→ Your instructions: From the records below, output exactly the lines running from the line containing "Detalle de CELOID" through the line containing "DECALS - TURBO", and no others.

++++++

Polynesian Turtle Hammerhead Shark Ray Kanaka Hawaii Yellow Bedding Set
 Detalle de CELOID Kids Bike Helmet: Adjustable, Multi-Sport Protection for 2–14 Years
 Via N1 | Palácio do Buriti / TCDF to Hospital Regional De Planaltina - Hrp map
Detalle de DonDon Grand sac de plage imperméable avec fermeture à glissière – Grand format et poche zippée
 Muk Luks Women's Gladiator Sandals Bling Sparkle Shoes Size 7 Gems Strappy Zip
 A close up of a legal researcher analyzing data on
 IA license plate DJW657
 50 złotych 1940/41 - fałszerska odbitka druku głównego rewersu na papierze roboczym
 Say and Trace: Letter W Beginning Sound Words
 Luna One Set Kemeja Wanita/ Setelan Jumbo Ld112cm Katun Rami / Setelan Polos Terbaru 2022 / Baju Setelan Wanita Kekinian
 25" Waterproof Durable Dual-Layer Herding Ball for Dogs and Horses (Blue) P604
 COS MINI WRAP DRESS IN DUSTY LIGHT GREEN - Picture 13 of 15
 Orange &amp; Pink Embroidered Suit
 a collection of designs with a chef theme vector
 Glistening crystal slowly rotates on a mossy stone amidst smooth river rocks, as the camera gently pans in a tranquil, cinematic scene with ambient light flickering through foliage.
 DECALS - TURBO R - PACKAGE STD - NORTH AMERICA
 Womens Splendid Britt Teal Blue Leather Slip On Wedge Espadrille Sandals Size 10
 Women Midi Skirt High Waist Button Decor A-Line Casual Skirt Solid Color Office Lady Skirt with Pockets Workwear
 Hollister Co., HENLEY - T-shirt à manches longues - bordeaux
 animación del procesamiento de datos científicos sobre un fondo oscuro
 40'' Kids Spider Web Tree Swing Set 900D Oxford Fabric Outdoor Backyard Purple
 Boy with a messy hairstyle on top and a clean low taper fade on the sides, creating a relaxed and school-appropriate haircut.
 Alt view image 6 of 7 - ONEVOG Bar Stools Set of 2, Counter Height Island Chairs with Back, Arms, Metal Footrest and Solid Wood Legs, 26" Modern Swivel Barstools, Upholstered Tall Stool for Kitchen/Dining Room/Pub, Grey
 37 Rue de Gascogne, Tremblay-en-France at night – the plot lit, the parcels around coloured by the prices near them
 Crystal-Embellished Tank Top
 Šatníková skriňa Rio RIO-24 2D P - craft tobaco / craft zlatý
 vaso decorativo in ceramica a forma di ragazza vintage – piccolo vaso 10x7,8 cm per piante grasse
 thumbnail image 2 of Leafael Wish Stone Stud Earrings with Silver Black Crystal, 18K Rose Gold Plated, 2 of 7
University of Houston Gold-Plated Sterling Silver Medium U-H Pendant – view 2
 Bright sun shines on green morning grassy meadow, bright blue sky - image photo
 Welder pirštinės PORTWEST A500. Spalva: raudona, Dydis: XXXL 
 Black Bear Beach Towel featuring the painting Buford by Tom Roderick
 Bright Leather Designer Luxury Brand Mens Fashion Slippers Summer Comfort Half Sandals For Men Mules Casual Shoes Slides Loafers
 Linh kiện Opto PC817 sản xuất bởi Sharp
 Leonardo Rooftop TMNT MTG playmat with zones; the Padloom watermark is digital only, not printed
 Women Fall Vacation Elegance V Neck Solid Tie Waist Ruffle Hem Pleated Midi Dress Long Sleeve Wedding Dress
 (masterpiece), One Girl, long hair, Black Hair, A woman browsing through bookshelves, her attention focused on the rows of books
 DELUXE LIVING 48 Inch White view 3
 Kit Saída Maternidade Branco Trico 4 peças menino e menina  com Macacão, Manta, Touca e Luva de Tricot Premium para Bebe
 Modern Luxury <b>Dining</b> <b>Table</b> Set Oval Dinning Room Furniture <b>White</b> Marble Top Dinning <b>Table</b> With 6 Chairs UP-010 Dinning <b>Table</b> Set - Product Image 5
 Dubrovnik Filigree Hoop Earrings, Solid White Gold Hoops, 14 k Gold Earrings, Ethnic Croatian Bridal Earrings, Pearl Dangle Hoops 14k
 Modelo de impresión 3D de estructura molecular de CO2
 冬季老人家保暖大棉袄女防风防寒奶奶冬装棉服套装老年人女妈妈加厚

++++++

→ Exercise response:
 Detalle de CELOID Kids Bike Helmet: Adjustable, Multi-Sport Protection for 2–14 Years
 Via N1 | Palácio do Buriti / TCDF to Hospital Regional De Planaltina - Hrp map
Detalle de DonDon Grand sac de plage imperméable avec fermeture à glissière – Grand format et poche zippée
 Muk Luks Women's Gladiator Sandals Bling Sparkle Shoes Size 7 Gems Strappy Zip
 A close up of a legal researcher analyzing data on
 IA license plate DJW657
 50 złotych 1940/41 - fałszerska odbitka druku głównego rewersu na papierze roboczym
 Say and Trace: Letter W Beginning Sound Words
 Luna One Set Kemeja Wanita/ Setelan Jumbo Ld112cm Katun Rami / Setelan Polos Terbaru 2022 / Baju Setelan Wanita Kekinian
 25" Waterproof Durable Dual-Layer Herding Ball for Dogs and Horses (Blue) P604
 COS MINI WRAP DRESS IN DUSTY LIGHT GREEN - Picture 13 of 15
 Orange &amp; Pink Embroidered Suit
 a collection of designs with a chef theme vector
 Glistening crystal slowly rotates on a mossy stone amidst smooth river rocks, as the camera gently pans in a tranquil, cinematic scene with ambient light flickering through foliage.
 DECALS - TURBO R - PACKAGE STD - NORTH AMERICA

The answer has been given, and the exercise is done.